New Cell Phones Help Keep You Healthy

Cell phones have always been about helping you keep in touch. Now they're helping you stay healthy.

Eager to discover the next new trend in cell phone technology, Japanese mobile carriers are developing and rolling out services that tie a user's desire to keep fit with their cell phone and network-linked services.

First off the starting block has been KDDI's Au unit, which launched a service earlier this year called Smart Sports.

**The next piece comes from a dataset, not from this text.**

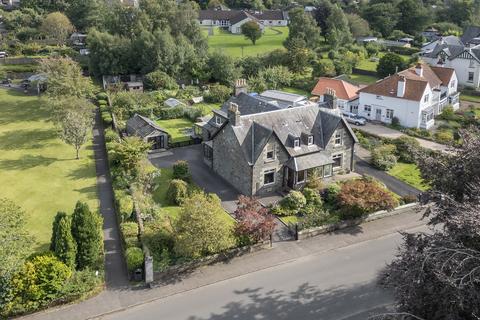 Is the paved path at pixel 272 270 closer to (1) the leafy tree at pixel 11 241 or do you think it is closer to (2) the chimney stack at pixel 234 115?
(1) the leafy tree at pixel 11 241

Most of its new handsets incorporate the service to some degree but three recently-launched models are fully equipped to take advantage of the technology. Inside the phones, a motion sensor and GPS (Global Positioning System) work together so that when you're running, the number of steps taken, distance, and calories burned are measured and recorded-- and the phone does this even if the phone's dedicated "Run&Walk" application isn't launched.

When you're done work-out information can be sent to a server and later your run can be mapped and analyzed through a PC.

And because the beat of music can help you during your daily exercise, the service links in with Au's "Lismo" music download service and can send selected tunes to a pair of wireless headphones. Using the "Beat Run" playback mode, it will also match musical tracks and the pace of the exercise.

The Smart Sports Web site indicates 7,200 users worked out with the service on Sunday and that in total this month 54,000 users have racked up more than 1 million [m] kilometers of running and walking between them and burned a collective 38 million [m] kilocalories.

Rival carrier NTT DoCoMo is also developing health-related applications.

Its system has weighing scales or blood-pressure monitors sending data to a user's cell phone via Bluetooth. DoCoMo is hoping to get organizations like health clubs and hospitals to participate so that automatic monitoring of basic wellness data can be easily done-- with the user's consent of course.

The system isn't commercialized yet but NTT DoCoMo hopes to have it available some time in the next year.